In this post, I want to explore a potential approach for supporting this type of transformation pipeline with DRF. The natural place then to inject the transform logic in DRF is within the Serializer as it is involved in both validating the request data (Serializer.to_internal_value) as well as preparing response data to return from an APIView method (Serializer.to_representation).
The general idea is to create an ordered series of transformations that will be applied to request data to convert it into the current schema. Similarly, response data will be passed through the transformations in the reverse order to convert data in the current schema to the version requested by the client. This ends up looking very similar to the forwards and backwards methods on database migrations.
As a basic example of how a response transform would be used, the following is a simple serializer that returns back a mailing list name and list of subscriber emails:

class MailingListSerializer(serializers.ModelSerializer):
    subscribers = serializers.SerializerMethodField('_subscribers')
    def _subscribers(self, obj):
        return [s.email for s in obj.subscribers_set.all()]
    class Meta:
        model = models.MailingList
        fields = ('name', 'description', 'subscribers')

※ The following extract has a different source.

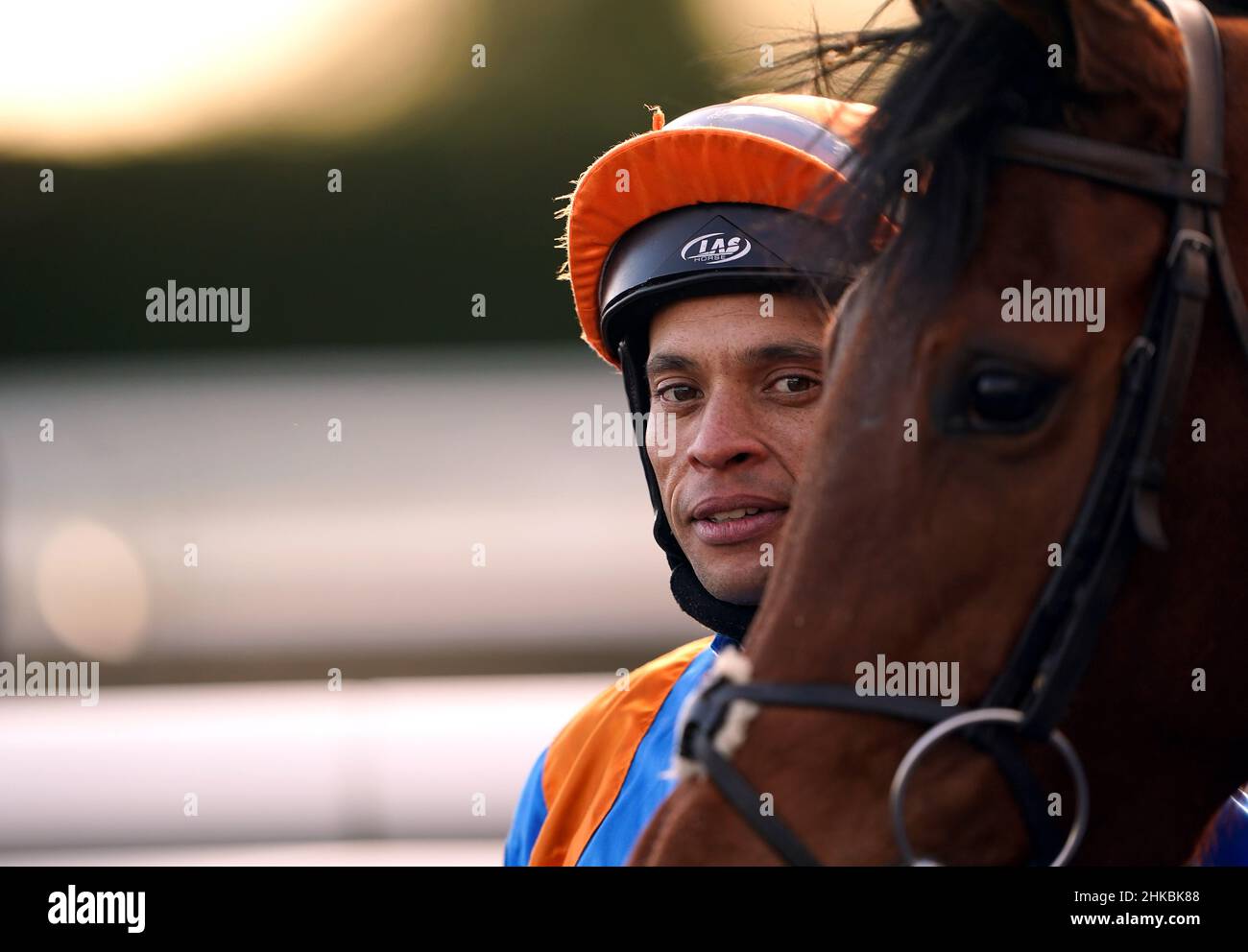 WESTERN Music und Jockey Sean Levey nach dem Gewinn des Read Katie Walsh auf Betway Insider Handicap (Div II) auf der Southwell Racecourse. Bilddatum: Donnerstag, 3. Februar 2022. Stockfoto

The payload from an endpoint that uses this serializer might return JSON formatted as:

{'name': 'Cat Facts',
 'description': 'Fun facts about cats',
 'subscribers': ['joe@email.com', 'jane@email.com']}

Some time later, we decide that this endpoint also needs to return the date that each subscriber signed up for the mailing list. This is going to be a breaking change for any client that is using the original version of the API as each element in the subscribers array is now going to be an object instead of a simple string:

{'name': 'Cat Facts',
 'description': 'Fun facts about cats',
 'subscribers': [
    {'email': 'joe@email.com', 'date_subscribed': '2015-01-15T00:01:34Z'},
    {'email': 'jane@email.com', 'date_subscribed': '2015-02-18T04:57:56Z'}

The serializer needs to updated to return data in this new format. To support backwards compatibility with the original version of the API, it will also need to be modified to derive from a VersioningMixin class and specify the location of the Transform classes (more on this in a bit):

class MailingListSerializer(VersioningMixin, serializers.ModelSerializer):
    transform_base = 'api.transforms.mailinglist.MailingListSerializerTransform'
    subscribers = serializers.SerializerMethodField('_subscribers')
    def _subscribers(self, obj):
        return [{'email': s.email, 'date_subscribed': s.date_subscribed}
                for s in obj.subscribers_set.all()]
    class Meta:
        model = models.MailingList
        fields = ('name', 'subscribers')

Whenever a new API version is introduced for this serializer, a new numbered Transform class needs to be added to the api.transforms.mailinglist module. Each Transform handles the the downgrade of version N to version N-1 by munging the response data dict:

class MailingListSerializerTransform0001(Transform):
    def update_response_data(self, data, request, source):
        # Transform a raw v2 input dict into a v1 dict
        data['subscribers'] = [s['email'] for s in data['subscribers']]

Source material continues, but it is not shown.